Suppression of Natural Killer cell NKG2D and CD226 anti-tumour cascades by platelet cloaked cancer cells: Implications for the metastatic cascade

• Published in: PloS one Vol. 14; no. 3; p. e0211538
• Main Authors: Cluxton, Christopher D, Spillane, Cathy, O'Toole, Sharon A, Sheils, Orla, Gardiner, Clair M, O'Leary, John J
• Format: Journal Article
• Language: English
• Published: United States Public Library of Science 25.03.2019; Public Library of Science (PLoS)

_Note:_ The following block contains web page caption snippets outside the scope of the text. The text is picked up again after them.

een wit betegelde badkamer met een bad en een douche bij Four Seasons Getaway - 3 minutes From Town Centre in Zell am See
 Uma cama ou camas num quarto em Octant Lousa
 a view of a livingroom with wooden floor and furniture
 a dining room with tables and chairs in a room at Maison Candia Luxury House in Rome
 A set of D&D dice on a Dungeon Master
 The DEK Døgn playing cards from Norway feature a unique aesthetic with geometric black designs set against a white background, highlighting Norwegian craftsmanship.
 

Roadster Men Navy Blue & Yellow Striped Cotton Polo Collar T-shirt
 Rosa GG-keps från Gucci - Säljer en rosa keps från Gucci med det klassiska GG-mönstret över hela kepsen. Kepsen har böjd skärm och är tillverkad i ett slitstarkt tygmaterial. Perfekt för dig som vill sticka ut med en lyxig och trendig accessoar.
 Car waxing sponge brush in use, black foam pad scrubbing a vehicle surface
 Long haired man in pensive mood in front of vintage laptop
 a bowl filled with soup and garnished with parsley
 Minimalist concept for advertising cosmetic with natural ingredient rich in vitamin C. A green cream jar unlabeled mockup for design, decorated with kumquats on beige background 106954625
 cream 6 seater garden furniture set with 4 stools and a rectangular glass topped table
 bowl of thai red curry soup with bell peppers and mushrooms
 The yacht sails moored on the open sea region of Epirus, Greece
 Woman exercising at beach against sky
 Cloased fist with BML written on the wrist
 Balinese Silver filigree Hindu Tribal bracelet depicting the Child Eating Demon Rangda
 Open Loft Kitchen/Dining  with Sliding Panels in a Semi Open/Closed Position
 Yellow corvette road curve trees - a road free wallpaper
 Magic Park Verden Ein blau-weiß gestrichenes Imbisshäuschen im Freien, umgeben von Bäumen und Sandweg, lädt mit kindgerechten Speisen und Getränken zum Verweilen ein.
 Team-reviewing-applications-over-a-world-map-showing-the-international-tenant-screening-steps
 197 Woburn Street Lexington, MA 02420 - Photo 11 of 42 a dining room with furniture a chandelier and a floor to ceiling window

• Subjects: Analysis; Antigens, CD - metabolism; Antigens, Differentiation, T-Lymphocyte - metabolism; Biology and life sciences; Blood Platelets - immunology; Cancer; Cancer cells; Cancer immunotherapy; Cancer metastasis; Cancer research; Cascades; Cell adhesion & migration; Cell Line, Tumor; Cell surface; Cytokines; Degranulation; Gardiner, John; Histocompatibility Antigens Class I - metabolism; Histopathology; Humans; Immune clearance; Immune system; Immunity, Innate; Immunotherapy; Inflammation; Innate immunity; Interferon-gamma - metabolism; Killer cells; Killer Cells, Natural - immunology; Laboratories; Ligands; Liver cancer; Medical prognosis; Medical screening; Medicine; Medicine and health sciences; Metastases; Metastasis; Natural killer cells; Nectins - metabolism; Neoplasm Metastasis - immunology; NK Cell Lectin-Like Receptor Subfamily K - metabolism; NKG2 antigen; Novels; Pancreatic cancer; Platelets; Receptors, Virus - metabolism; Research and Analysis Methods; Signal Transduction; Transforming Growth Factor beta - metabolism; Transforming growth factors; Tumor Escape; Tumors; Womens health; γ-Interferon; California; Ireland
• ISSN: 1932-6203; 1932-6203
• DOI: 10.1371/journal.pone.0211538

Tumour cell immune evasion is a principal hallmark of successful metastasis. Tumour cells in the vasculature adopt a platelet cloak that efficiently suppresses the innate immune system by directly inhibiting Natural Killer (NK) cells, which normally function to neutralise spreading cancers. Here we describe two novel mechanisms of tumour cell evasion of NK cell anti-tumour functions. The first, an 'immune decoy' mechanism in which platelets induce the release of soluble NKG2D ligands from the tumour cell to mask detection and actively suppress NK cell degranulation and inflammatory cytokine (IFNγ) production, concomitantly. This represents a double-hit to immune clearance of malignant cells during metastasis. The second mechanism, a platelet-derived TGFβ-mediated suppression of the CD226/CD96-CD112/CD155 axis, is a novel pathway with poorly understood anti-cancer functions. We have demonstrated that platelets robustly suppress surface expression of CD226 and CD96 on the NK cell surface and their associated ligands on the tumour cell to further enhance NK cell suppression. These highly evolved mechanisms promote successful tumour immune evasion during metastasis and provide a unique opportunity for studying the complexity of cellular interactions in the metastatic cascade and thus novel targets for cancer immunotherapy.